CARP

Range Query-Optimized Indexing for Streaming Data.

This is a brief description of CARP , which was (eventually) published to Supercomputing 2024. PDF here, and code here.

With CARP, we wanted to speed up ingestion of data from large parallel apps for range query indexing. Current approaches re-read data from the parallel filesystem, reprocess it, and write it back. These applications are \(O(100K)\) cores, and generate large amounts of data. Postprocessing costs valuable time and hardware resources.

In-situ indexing is a popular alternative. In-situ partitioning, which in my opinion is the king of in-situ indexing systems, currently does not work for range queries — CARP fixes that. Range queries like locality in their data layouts. A bulk sort maximizes data locality, but at significant I/O cost.
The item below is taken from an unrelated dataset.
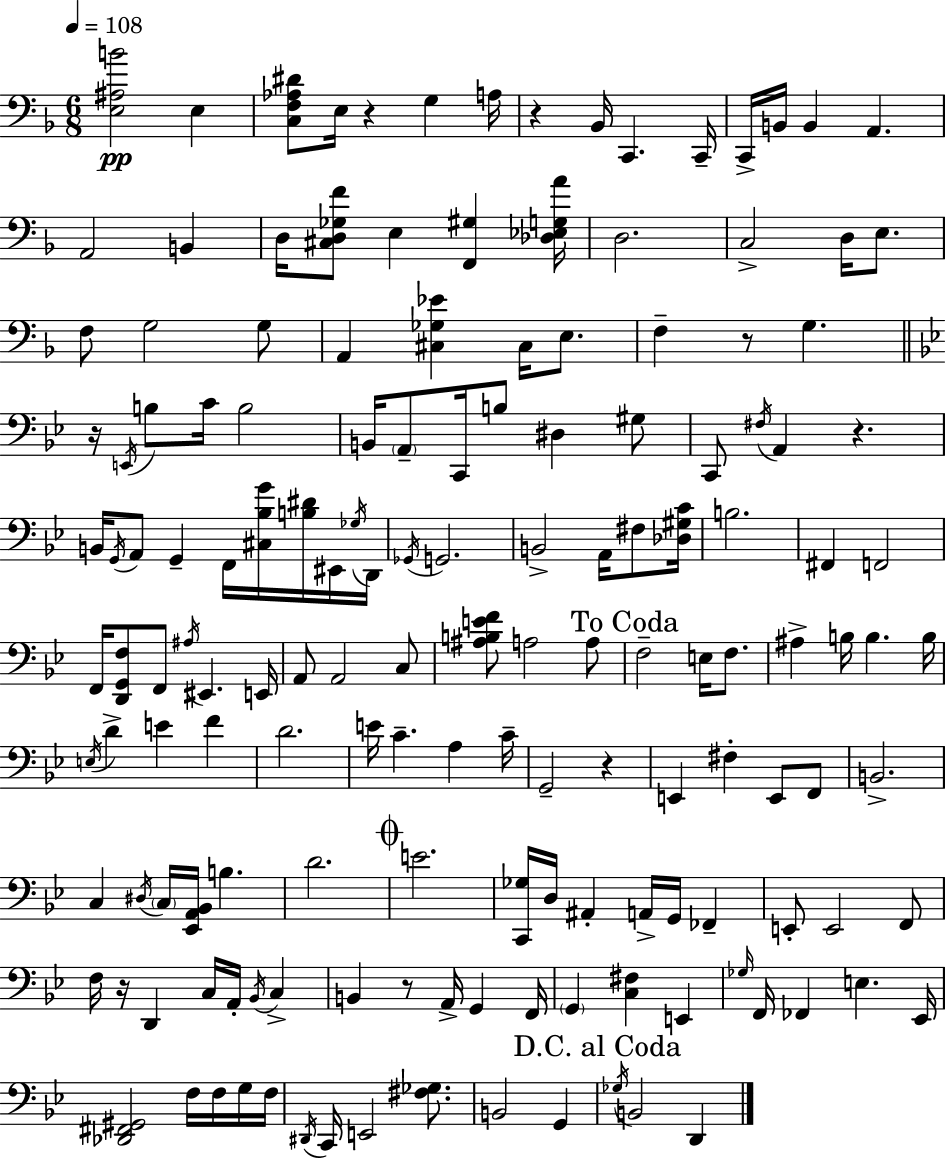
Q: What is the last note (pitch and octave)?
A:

CARP approximates this using a streaming pipeline.

CARP is essentially a greedy single-pass partial sorter. To preserve I/O cycles, we choose not to reorder data for perfect partitioning, but instead choose to compromise on the sortedness instead. This works really well — CARP queries are almost as fast as a full sort, but without any ingestion overhead (making CARP \(5\times\) faster than the state-of-the-art).

What is Missing

CARP is a tool in an analysis toolkit — it requires setting up, knowing when to use the CARP index, how to configure CARP etc.

These aspects significantly limit the adoption of advanced techniques by scientific data users. Databases have been working on this problem for ages — they expose a uniform interface (SQL), and smart query plans are able to transparently do The Best ThingTM. We need equivalents for scientific data analyses, and ways to incorporate techniques like approximate indices into their toolkits.